• Dungeons & Dragons: Honor Among Thieves Tavern Experience First Look with IGN’s TikTok: How to Watch

    On Wednesday, July 20, IGN will be hosting a TikTok Live at the Dungeons and Dragons: Honor Among Thieves Tavern Experience at San Diego Comic-Con. We will be giving viewers a first look at the experience as well as talking to some of the cast and crew from the film.

    IGN will obviously be carrying the stream and, as usual, this watch guide will provide you with everything you need to know to watch the TikTok Live including when it starts, and what you can expect to see.

    Dungeons & Dragons: Honor Among Thieves Tavern Experience First Look with IGN's TikTok Start Time

    The upcoming Dungeons & Dragons: Honor Among Thieves Tavern Experience First Look with IGN's TikTok will start on Wednesday, July 20, at 5pm PT/8pm ET. If you live in the BST or AEST timezone, that translates to July 21 at 1am BST and 10am AEST.

    Where to Watch the Dungeons & Dragons: Honor Among Thieves Tavern Experience First Look with IGN's TikTok

    Fans will be able to get their first look at the Dungeons & Dragons: Honor Among Thieves Tavern Experience by visiting IGN's TikTok. Be sure to follow and set notifications on our account to ensure you don't miss a moment of the TikTok Live!

    What to Expect at the Dungeons & Dragons: Honor Among Thieves Tavern Experience First Look with IGN's TikTok

    As previously mentioned, IGN's TikTok Live of the Dungeons and Dragons: Honor Among Thieves Tavern Experience will give fans a first look at the one-of-a-kind adventure that attendees of SDCC will be able to check out. We will also be joined by the cast and crew of the upcoming film and will chat with them about what secrets the movie and tavern may hold.

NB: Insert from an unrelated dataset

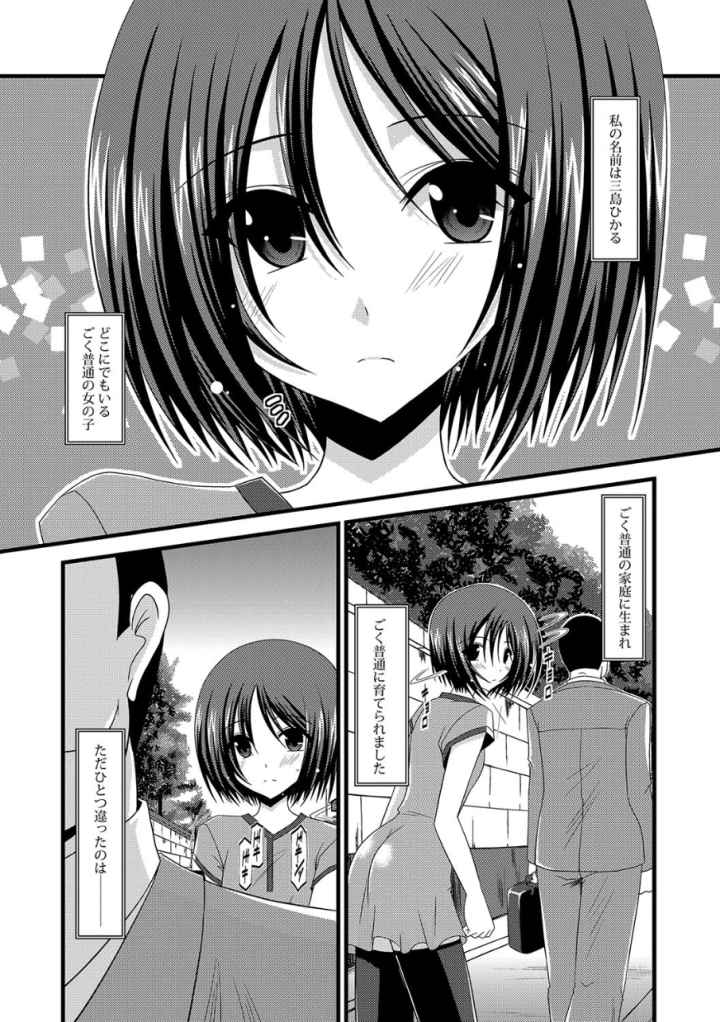 露出少女遊戯 三島ひかるの性癖のエロ漫画_2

    Inside the tavern, fans will be treated to a "20-minute, immersive experience for unique photo ops, exclusive takeaways, and a chance to sip on Dragon Brew while interacting with your favorite Dungeons & Dragons creatures and characters, plus a few surprise moments you won't want to miss."

    There will also be a Boss Logic-create custom artwork that those who attend can get, alcoholic and non-alcoholic versions of a Quincy's Tavern-made Dragon Brew, and more.

    If our TikTok Live or this description has inspired you to make your way to SDCC, you can check out the Tavern Experience for yourself in the heart of the Gaslamp Quarter on the corner of Sixth Avenue and Island Avenue. It will be open to the public at the following times;

    • Thursday, July 21: 12pm – 10pm PT
    • Friday, July 22: 10am – 8pm PT
    • Saturday, July 23: 10am – 8pm PT

    To reserve a spot, be sure to head over to the official RSVP site. The initial round of reservations were booked up in less than three hours, but more reservations will be made available on July 21 after the Dungeons & Dragons: Honor Among Thieves panel in Hall H at 12pm PT. There will also be a stand-by line that is first come, fist served, and there is no charge or age restrictions.

    For everything else San Diego Comic-Con, be sure to check out our guide on how to watch the most-anticipated panels and stay tuned to IGN for live coverage of the biggest moments and interviews with the biggest stars and creators.

    Adam Bankhurst is a news writer for IGN. You can follow him on Twitter @AdamBankhurst and on Twitch.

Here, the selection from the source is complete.